--- Data block Enclosed Below ---

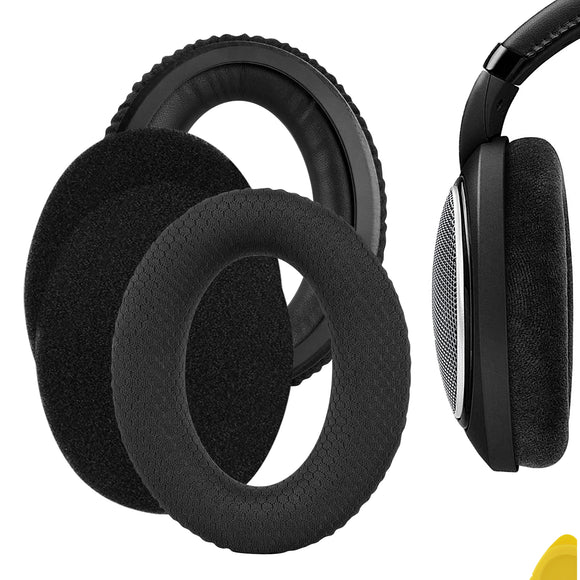 Geekria Comfort Mesh Fabric Replacement Ear Pads for Sennheiser HD598, HD598SE, HD598CS, HD598SR, HD595, HD599, HD599 SE Headphones Ear Cushions, Headset Earpads, Ear Cups Repair Parts (Black)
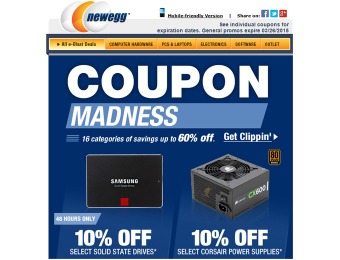 Newegg Coupon Madness Sale - Up to 60% off 16 Categories of Items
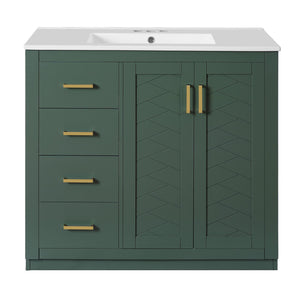 English Elm 72'' Elegant Bathroom Vanity With Ceramic Sink, Soft-Close Drawers & Solid Wood Storage Cabinet Set N710SS00013F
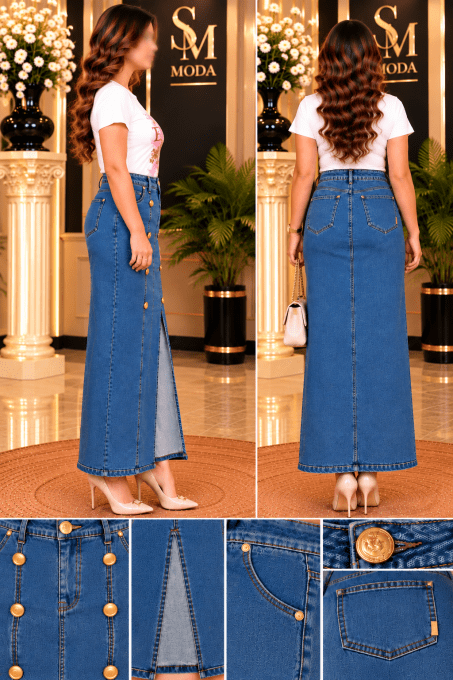 Jupe longue en jean femme bleu avec boutons dorés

--- End of Enclosed Data block ---

» **Exercise goal**:
All the lines above must be written out exactly, without a single picture.

» **Written answer**:
 Geekria Comfort Mesh Fabric Replacement Ear Pads for Sennheiser HD598, HD598SE, HD598CS, HD598SR, HD595, HD599, HD599 SE Headphones Ear Cushions, Headset Earpads, Ear Cups Repair Parts (Black)
 Newegg Coupon Madness Sale - Up to 60% off 16 Categories of Items
 English Elm 72'' Elegant Bathroom Vanity With Ceramic Sink, Soft-Close Drawers & Solid Wood Storage Cabinet Set N710SS00013F
 Jupe longue en jean femme bleu avec boutons dorés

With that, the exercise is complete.